Ruben Alexander: Please introduce yourself and talk about your experience before being accepted as a DATA board member.

Stan Stalnaker: I am the Founding Director of Hub Culture (2002), one of the first social networks on the web. In 2007, we launched Ven, which has long been at the forefront of the digital currency industry. We established Ven to solve unique challenges faced by our internationally minded online community, and it quickly grew into [a] groundbreaking force of its own – as the first [digital currency] used for consumer retail, in commodity trading, to be asset backed, traded on regulated FX exchanges, and more. Previously, I was at Fortune and Time Warner, where I enjoyed a variety of global adventures.

What inspired you to create Ven? Please talk about when it was released and what you have learned from pioneering this currency.

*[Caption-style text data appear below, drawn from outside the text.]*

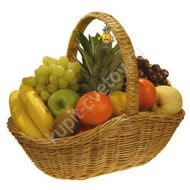 Fruit bast-basket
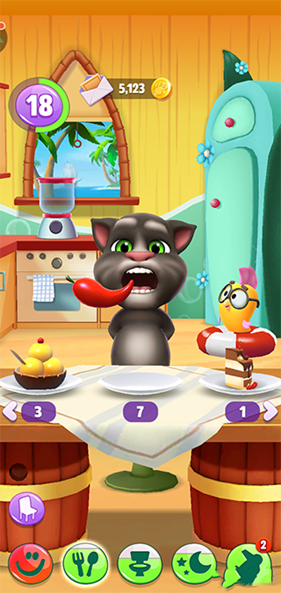 会说话的汤姆猫2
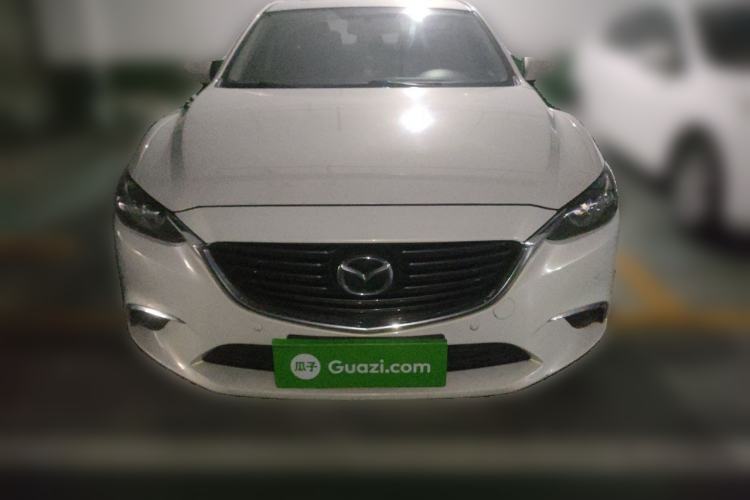 Used Mazda Atenza 2017 2.0L Blue Sky Luxury Edition Front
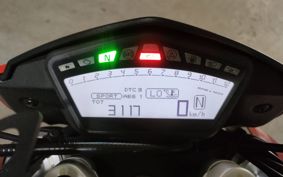 DUCATI HYPERMOTARD 939 2017 BA01JA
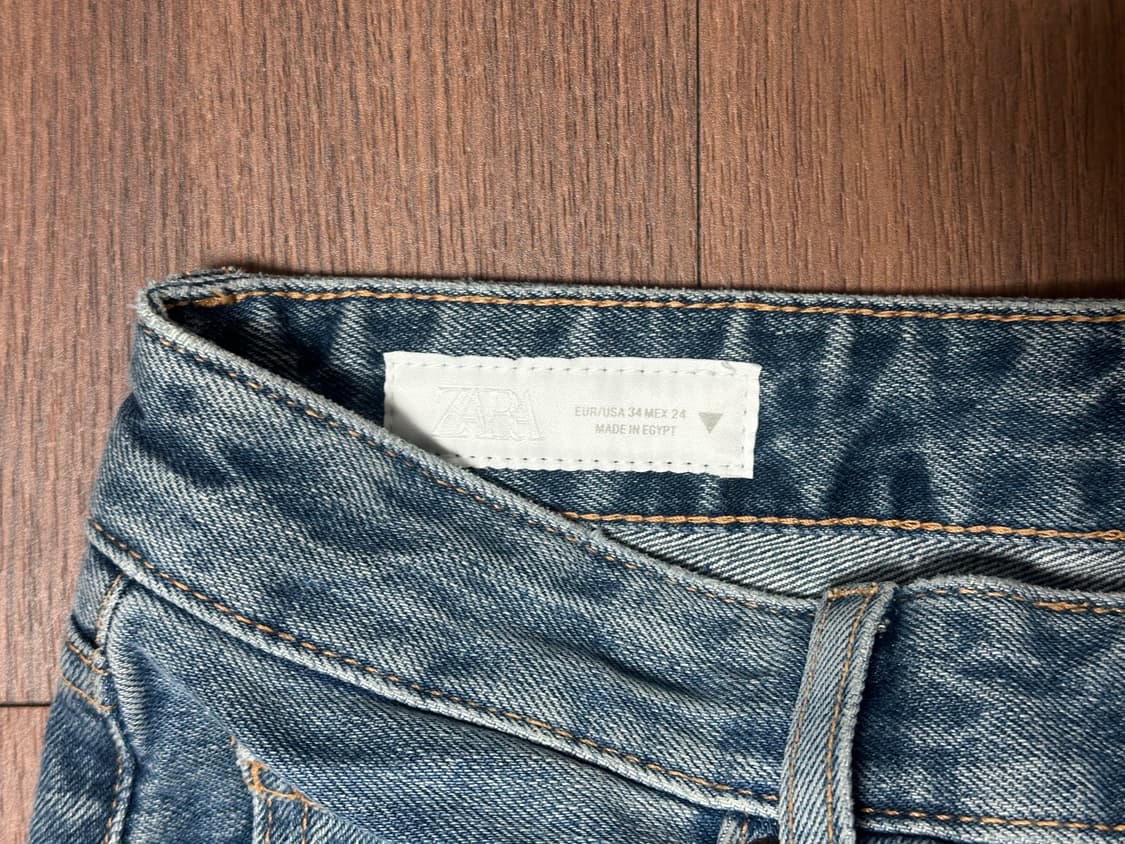 자라 미드라이드진 상품이미지3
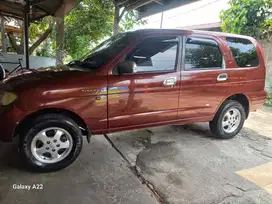 Daihatsu Taruna 2001 Bensin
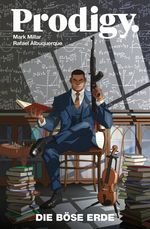 Prodigy Cover des Buches Prodigy (ISBN: 9783741615641)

The idea for Ven came in 2005 in a moment of inspiration – we needed a single currency to manage our inventory and sales within Hub Culture. It took a long time to build the technology, and the lesson has been one of patience and evolution – Ven is constantly evolving and growing as a force and an idea. We have many thoughts about where we can take it in the future, but for the moment we remain cautious and conservative with all aspects of the currency. I think emerging currencies and other digital assets have a huge role to place in human progress, and we want to be sure we are doing things in a proper way, to minimise mistakes and protect the integrity of our efforts. For me personally, my whole view of money has changed, and I understand the big picture of what it is and how it works much better than before. I also have views on the future of money, the evolution of the concept of currency, and how this fits into big data. I think that digital currency will be a fundamental building block of eventual singularity. I think of it like the circulatory system of the web, and it is hugely important we get it right – it is being built now, in front of us, today.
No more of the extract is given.